> **WORK REQUEST**: Without copying any picture, return all lines below exactly.

Start of INPUT DATA

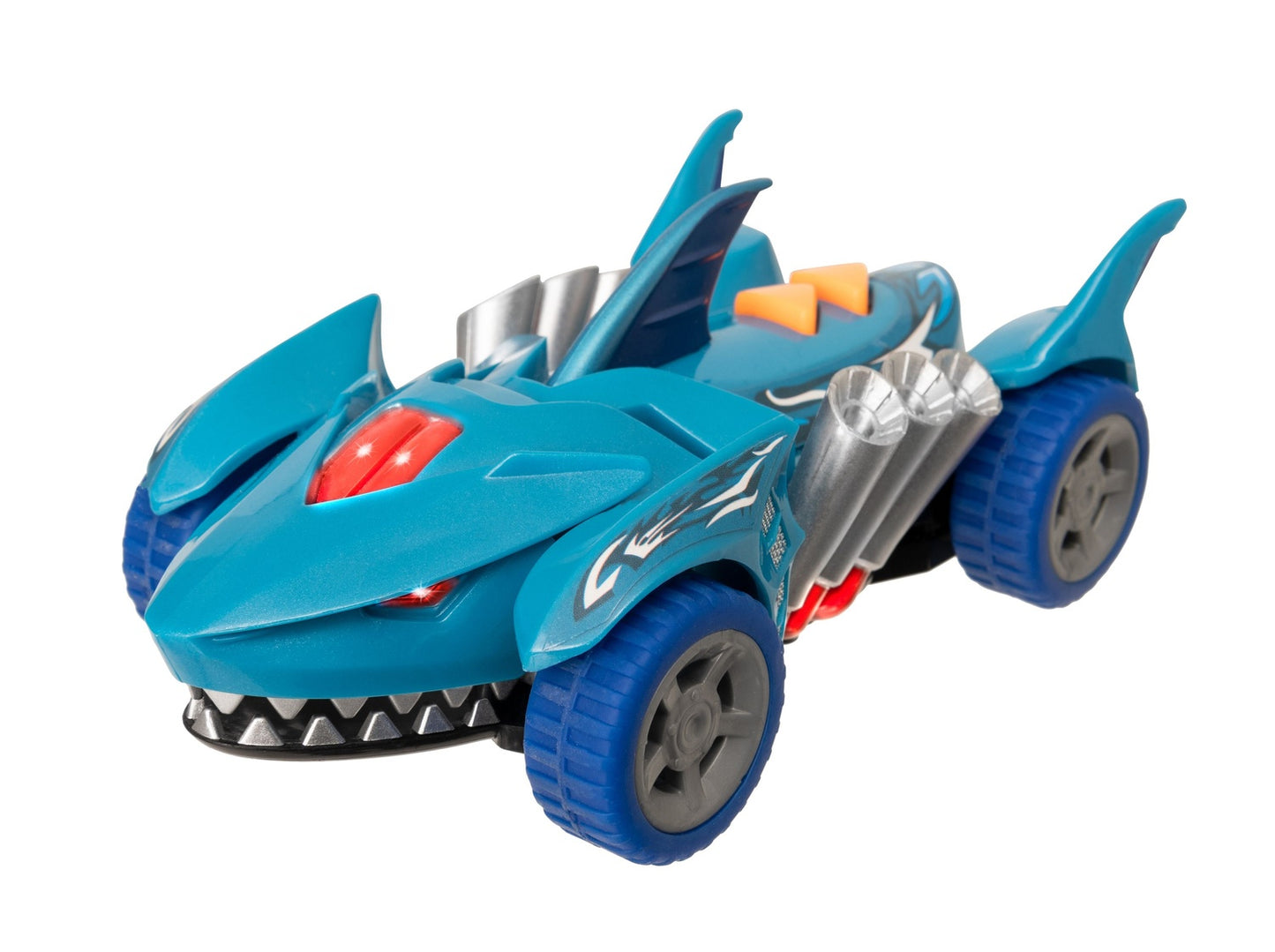 Teamsterz Mighty Machine Shark Car With Light And Sound, 12,5 Cm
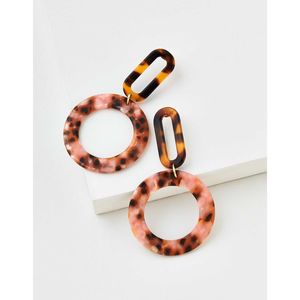 ต่างหูเรซิ่นดีไซน์เนอร์ทำมือ งานฝีมือศิลปะระดับหรูหรา ดีไซน์ทันสมัย ทนทาน คริสตัลแฟชั่น - Product Image 6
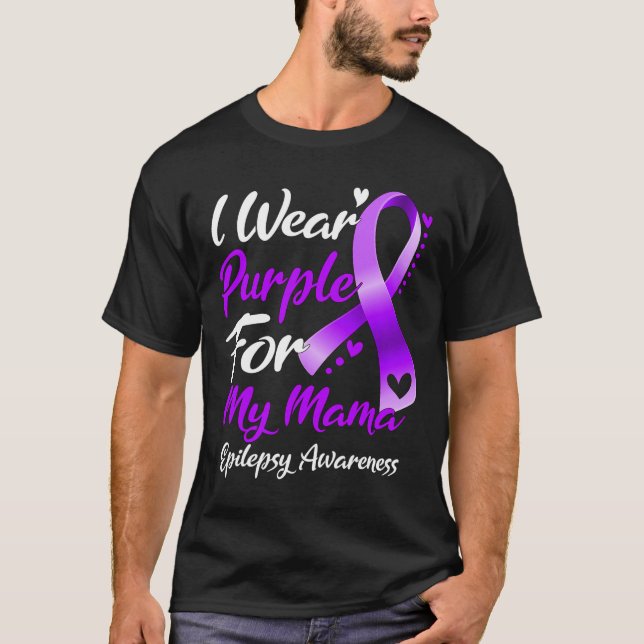 Camiseta Eu Visto Roxo Para Meus Presentes De Consciência D (Frente)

End of INPUT DATA

> **TASK ANSWER**:
 Teamsterz Mighty Machine Shark Car With Light And Sound, 12,5 Cm
 ต่างหูเรซิ่นดีไซน์เนอร์ทำมือ งานฝีมือศิลปะระดับหรูหรา ดีไซน์ทันสมัย ทนทาน คริสตัลแฟชั่น - Product Image 6
 Camiseta Eu Visto Roxo Para Meus Presentes De Consciência D (Frente)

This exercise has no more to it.